### Input
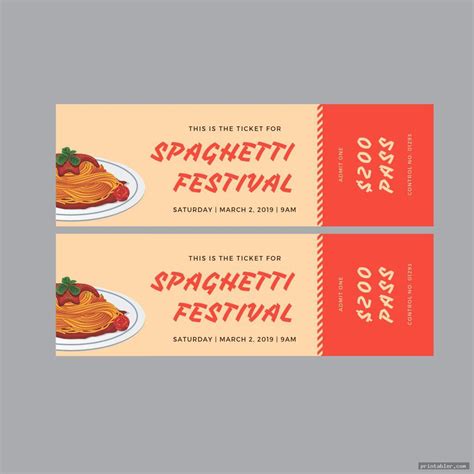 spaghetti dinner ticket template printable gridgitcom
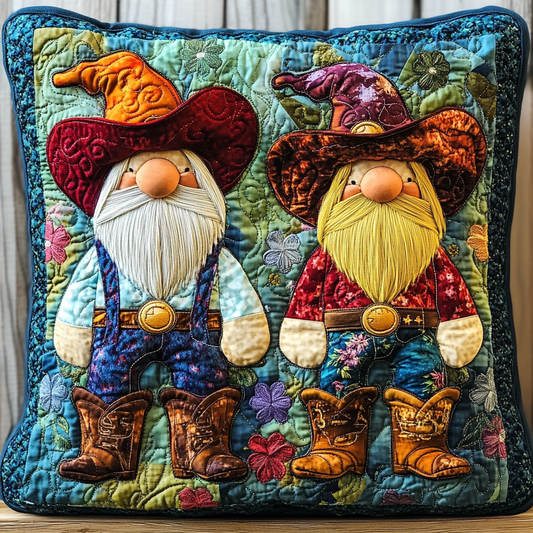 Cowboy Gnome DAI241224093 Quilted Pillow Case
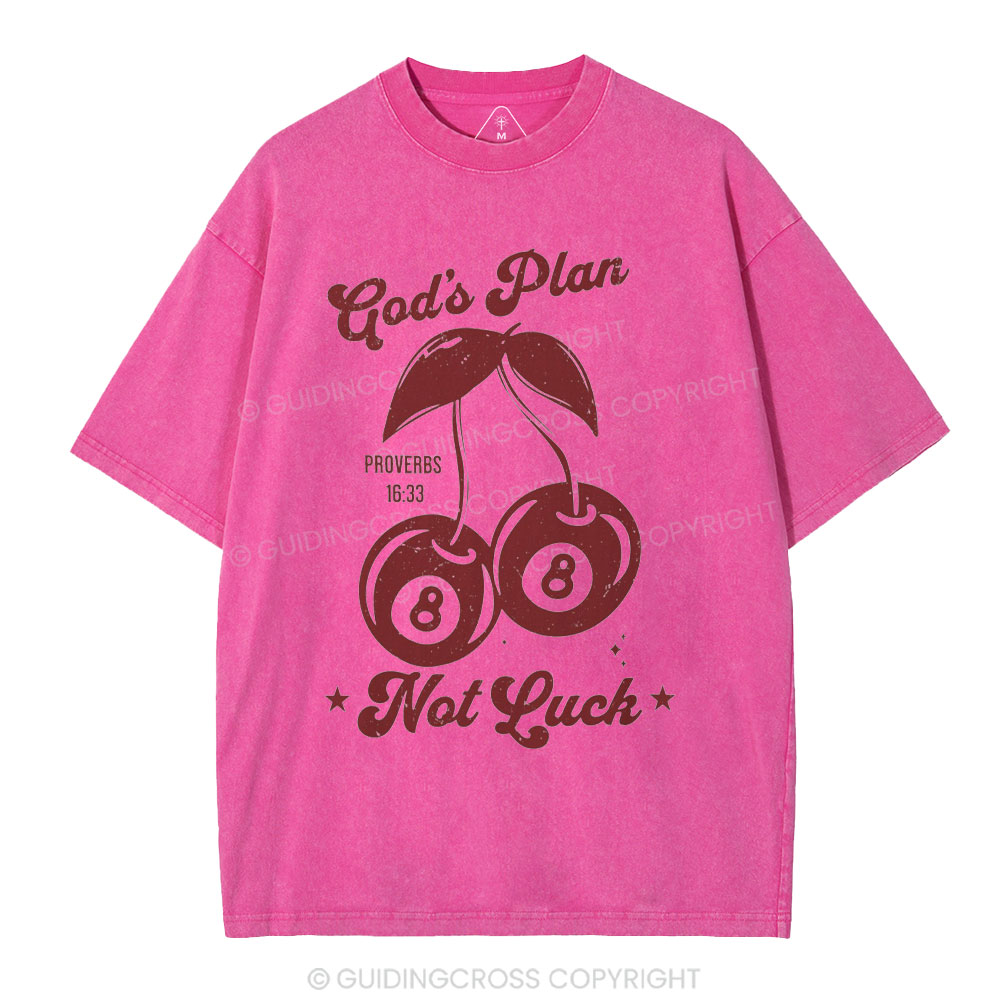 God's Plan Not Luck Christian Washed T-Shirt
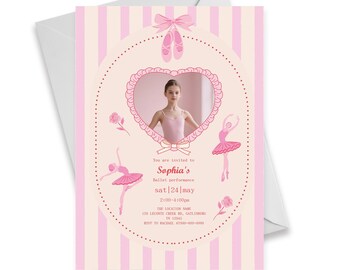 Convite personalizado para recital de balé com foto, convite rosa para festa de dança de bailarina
######
### Input
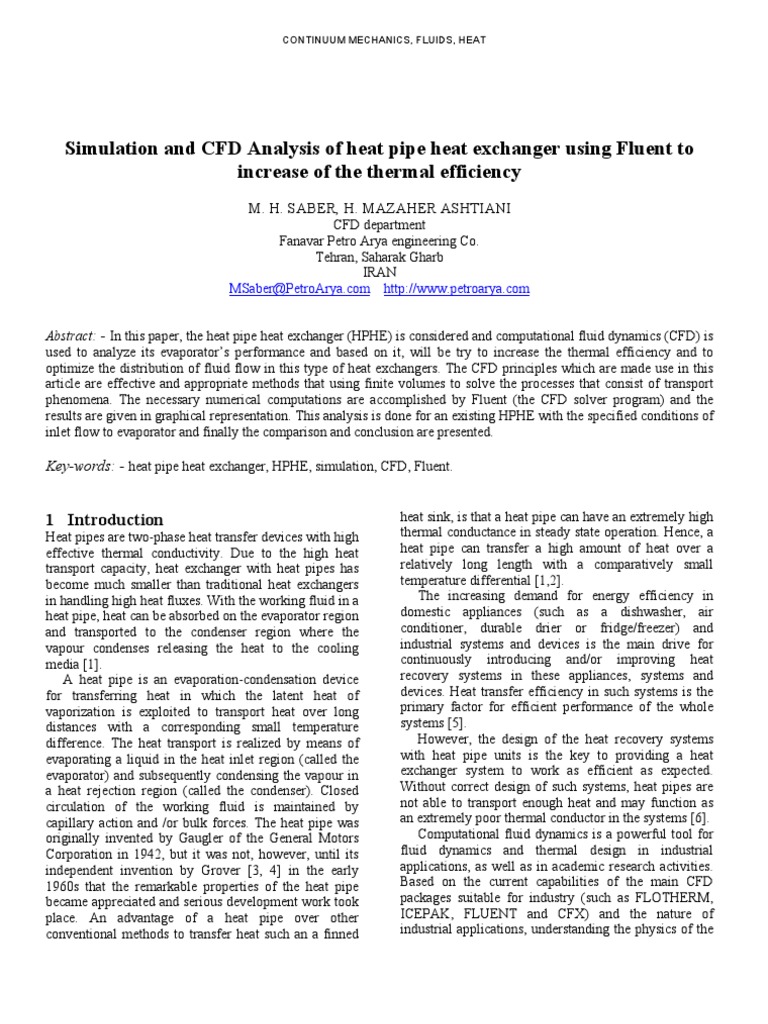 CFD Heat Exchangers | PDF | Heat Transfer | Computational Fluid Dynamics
######
### Input
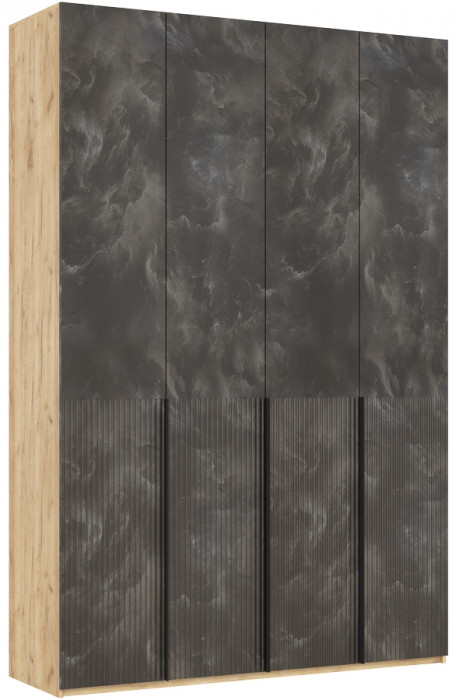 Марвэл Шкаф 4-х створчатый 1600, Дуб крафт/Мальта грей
######
▶ _Task goal_
Go down the entries above from the line containing "Cowboy Gnome DAI241224093" to the line containing "Convite personalizado para" and write out each line exactly, leaving pictures out.

▶ _Task output_
 Cowboy Gnome DAI241224093 Quilted Pillow Case
 God's Plan Not Luck Christian Washed T-Shirt
 Convite personalizado para recital de balé com foto, convite rosa para festa de dança de bailarina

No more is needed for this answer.